La Section 230 fait partie des textes ayant façonné l’Internet d’aujourd’hui. Il est issu d’une loi américaine, la Communications Decency Act, votée en 1996, au début d’Internet et des services numériques. Cette loi est considérée comme la première vraie tentative de réguler le contenu pornographique sur le Web.

À cette époque, les contenus sur Internet sont peu voire pas réglementés. Les années 1990 correspondent à l’émergence des plateformes, des forums, sur lesquels les utilisateurs peuvent publier des contenus qu’ils créent. « Nous étions au tout début de l’économie de la donnée », se rappelle Asma Mhalla. Sans surprise, les affaires judiciaires, nées de contenus illégaux ou diffamatoires publiés par les utilisateurs, se multiplient. Toutefois, une problématique revient de plus en plus souvent : qui est responsable ? L’utilisateur qui a publié le contenu ou bien la plateforme, qui laisse ce contenu accessible ? Ce flou amène à des verdicts parfois différents, pour des affaires similaires.

Il devient donc urgent de légiférer, d’adapter la loi. Dès lors, nombreux sont les acteurs d’Internet à faire entendre leurs voix, clamant que si les tribunaux les restreignent, cela freinera le développement d’Internet, dont le potentiel est immense et plein de promesses.

Au même moment, le Congrès prépare la Communications Decency Act, qui fait partie d’une autre loi, la Telecommunication Act. Le but derrière ces textes : faire de l’envoi et de la publication de contenu indécent ou obscène à des mineurs une infraction pénale. Une manière pour le Congrès de limiter et encadrer l’accès aux contenus pornographiques pour les plus jeunes.

Avant cette nouvelle ère, la jurisprudence indiquait clairement qu’il y avait une différence de responsabilité entre ceux qui créent, donc les éditeurs de contenu, et les distributeurs, ou fournisseurs. Le principe était le suivant : un éditeur a forcément connaissance de ce qu’il publie et crée et peut donc être tenu responsable de tout contenu illégal mis en ligne. De l’autre côté, un distributeur n’est pas forcément au courant du contenu qu’il permet à un autre de publier à travers sa plateforme, il n’est donc pas responsable si ledit contenu est illégal ou diffamatoire.

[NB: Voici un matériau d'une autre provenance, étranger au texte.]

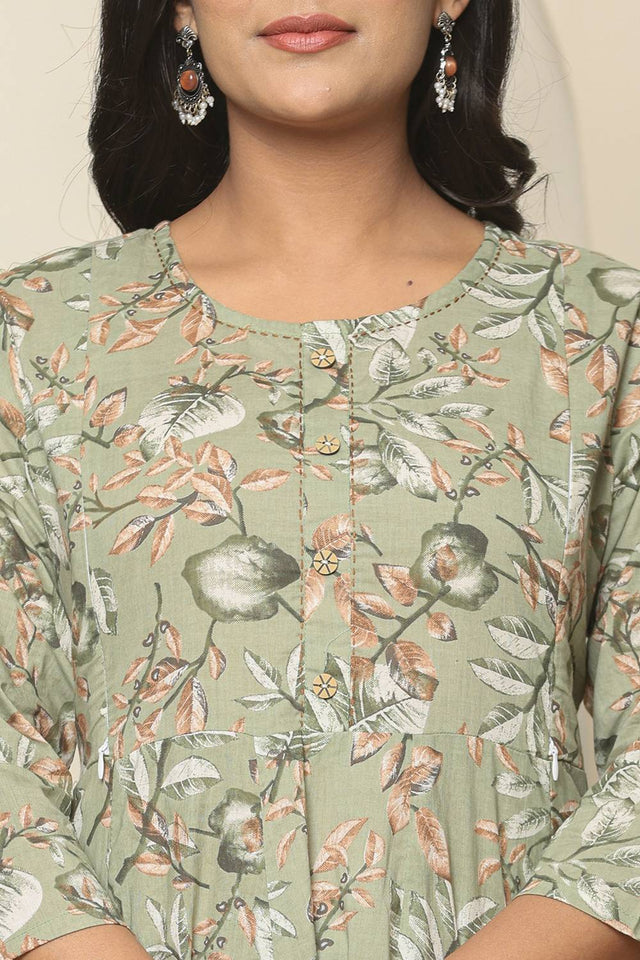 Green Floral Printed Cotton Anarkali Suit Set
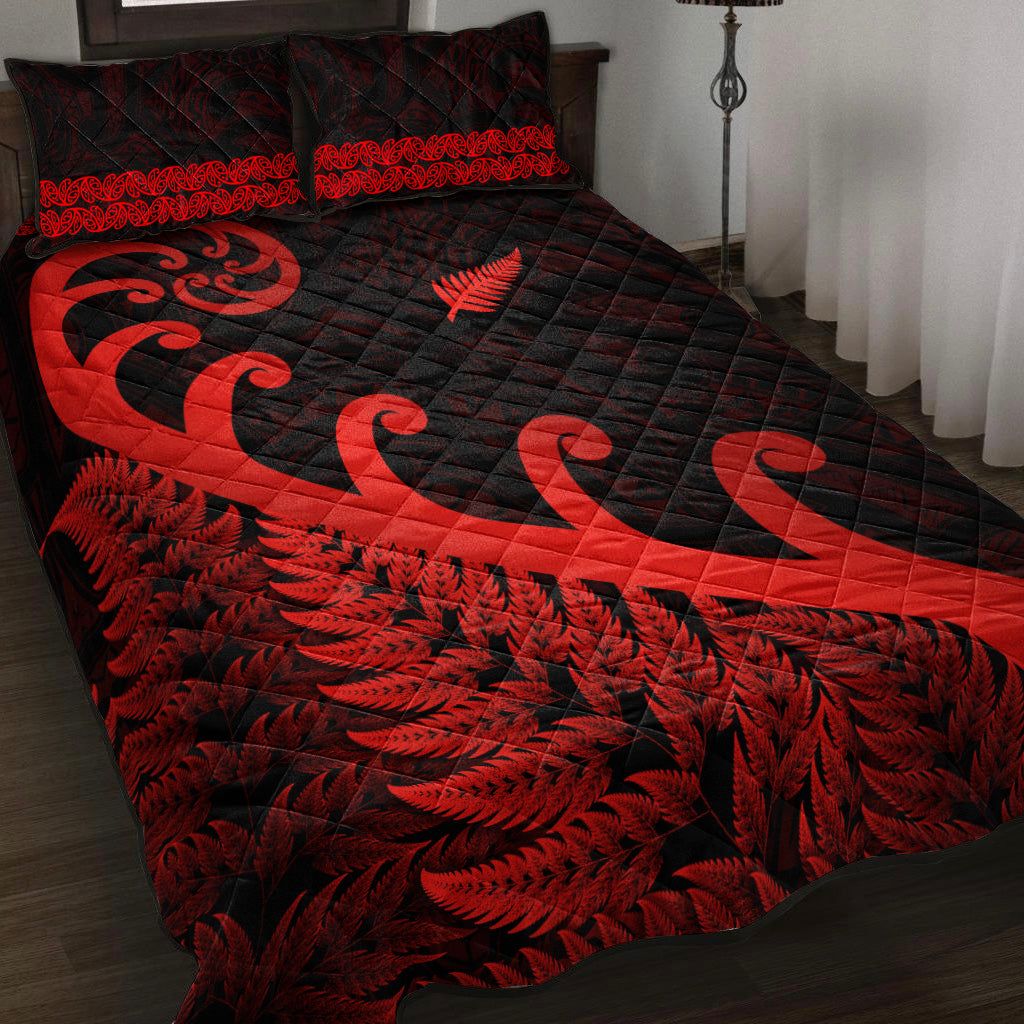 New Zealand Rugby Maori Quilt Bed Set Silver Fern Koru Vibes - Red - Vibe Hoodie Shop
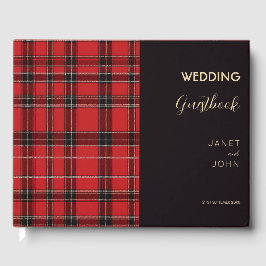 Red Scottish Tartan Wedding Gästebuch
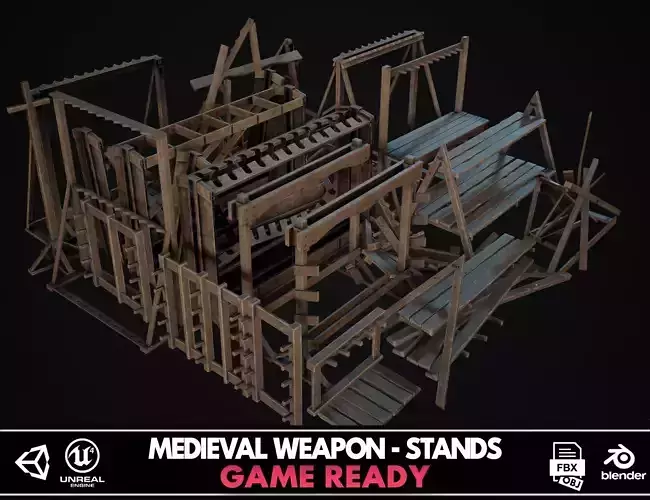 Medieval Weapon - Stands Low-poly 3D model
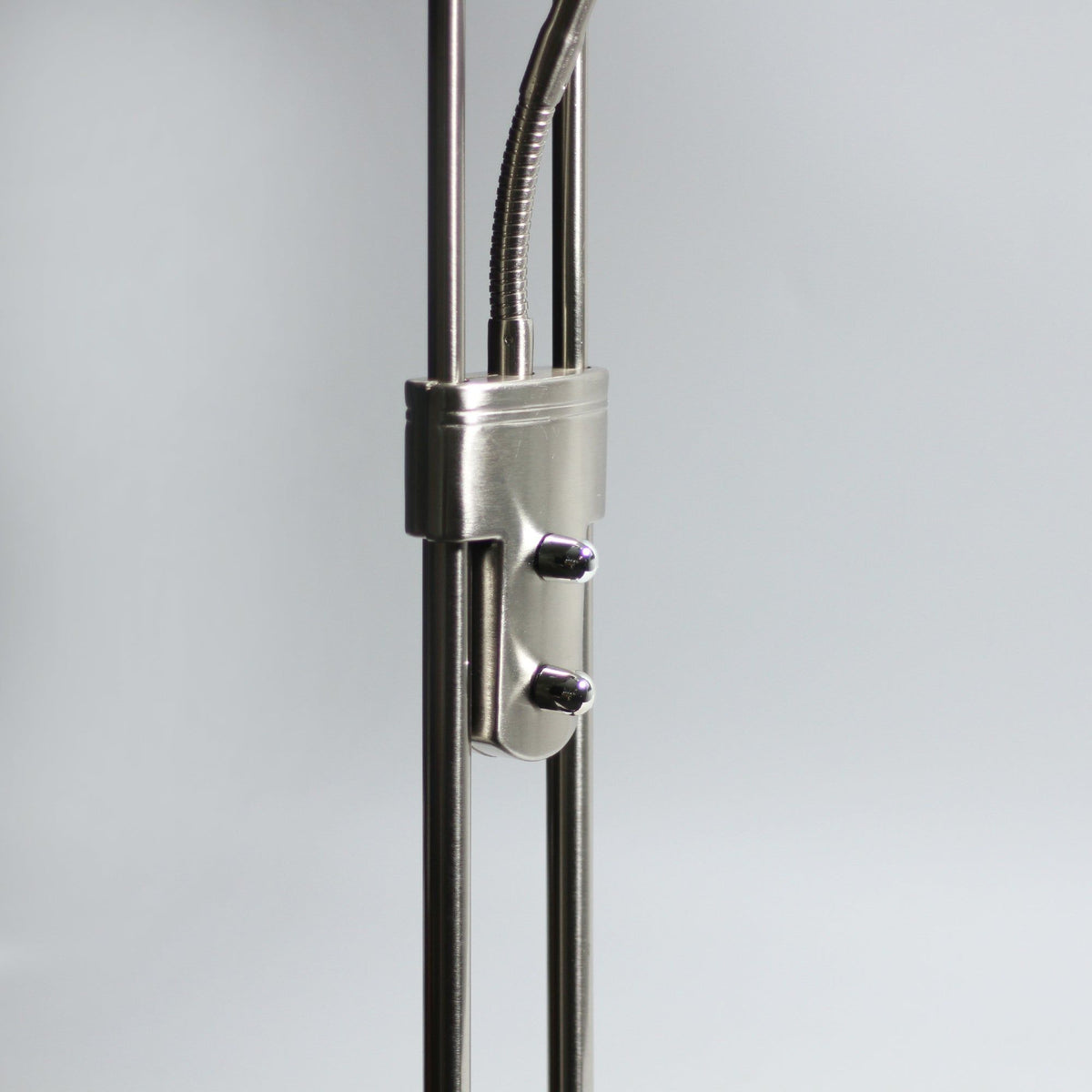 Buckley Dimmable LED Mother and Child Floor Lamp, 180cm, Satin Chrome Base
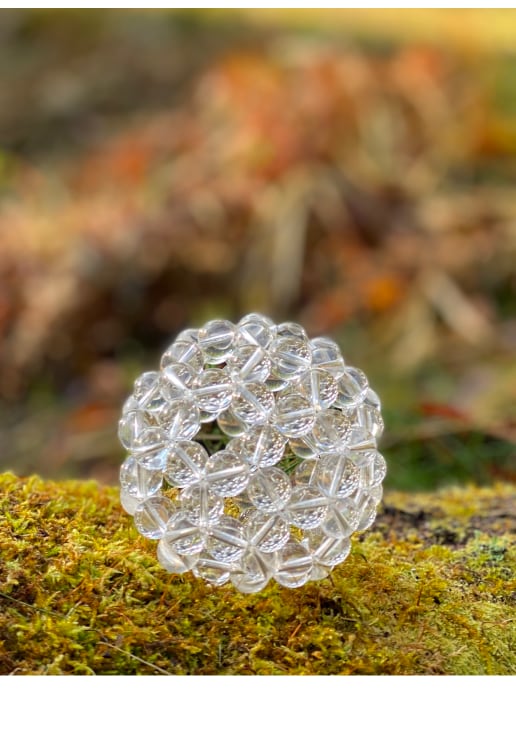 神聖幾何学フラーレン グリーンアベンチュリン×水晶 神聖幾何学フラーレン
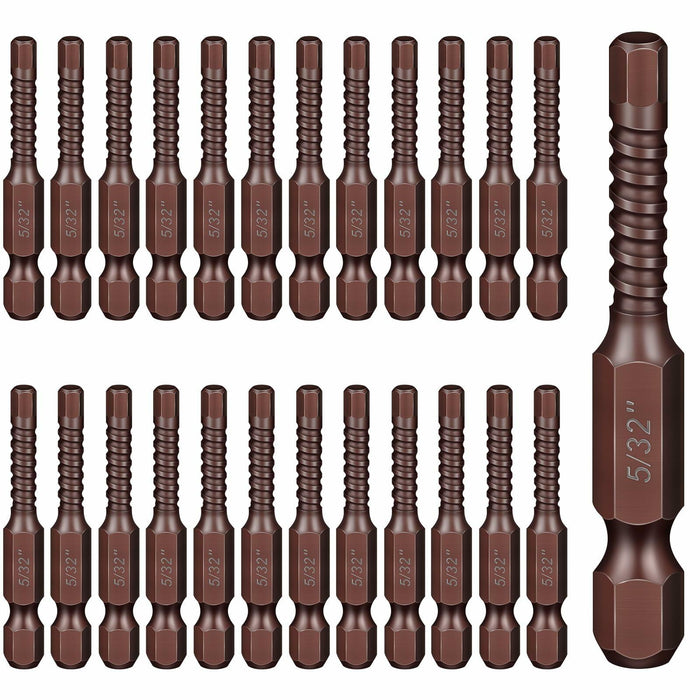 Moxweyeni 25 Pc 5/32 HEX Head S2 Steel Impact Driver Bit Set by Deal US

Le Congrès a rapidement reconnu qu’exiger des fournisseurs de services (les plateformes) qu’ils bloquent le contenu indécent amènerait à les traiter comme des éditeurs. Des sénateurs américains ont donc rédigé un article, le 509, ajouté dans la Communications Decency Act. Il prévoit qu’un fournisseur de services puisse modérer le contenu si nécessaire, mais ne soit pas obligé de le faire. La loi ayant été adoptée, cet article 509 l’a été également. Il est ensuite devenu la Section 230. « La Section 230 donne le statut d’hébergeur et non pas d’éditeur, aux plateformes numériques », résume Asma Mhalla. « En quoi les plateformes qui permettent l’exposition à ces contenus-là, sont tenues, ou pas, responsables desdits contenus ? […] La question sous-jacente, c’est celle de la fabrication de l’information, des contenus, et surtout de l’éditorialisation de ces contenus par les plateformes », poursuit la spécialiste en géopolitique des technologies.

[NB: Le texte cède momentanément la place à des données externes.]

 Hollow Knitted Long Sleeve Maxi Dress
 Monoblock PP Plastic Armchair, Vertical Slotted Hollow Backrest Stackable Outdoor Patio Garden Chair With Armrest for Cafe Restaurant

La Section 230, bouclier judiciaire et arme politique

Que prévoit exactement cette Section 230 ? Elle contient surtout deux paragraphes décisifs : L’alinéa c.1 et le c.2. Le c.1 explique qu’aucun « fournisseur ou utilisateur d’un service informatique interactif ne doit être traité comme l’éditeur ou l’auteur d’une information provenant d’un autre fournisseur de contenu informatif ». Le deuxième complète le premier et enlève au fournisseur ou à l’usager la responsabilité civile pour certains faits.

Aujourd’hui, la Section 230 représente un véritable bouclier judiciaire pour les grandes plateformes en ligne telles que YouTube, Facebook ou Twitter. Grâce à elle, ces sociétés ne sont pas tenues responsables pour le contenu qu’elles hébergent, tout simplement. Elles bénéficient d’une sorte d’immunité.

Sans surprise, la Section est extrêmement défendue par les Big Tech. Or, depuis quelques années, elle est sous le feu des critiques. Il faut dire qu’Internet a changé le monde. Les usages sur le Web ont évolué, de même que les contenus et le nombre de personnes qui y naviguent. « Ce qui était à l’époque de petites pousses technologiques sont aujourd’hui des géants technologiques avec une puissance de frappes absolument extraordinaire », ajoute Asma Mhalla. Aux États-Unis, républicains comme démocrates souhaitent désormais la réformer. Mais pas pour les mêmes raisons.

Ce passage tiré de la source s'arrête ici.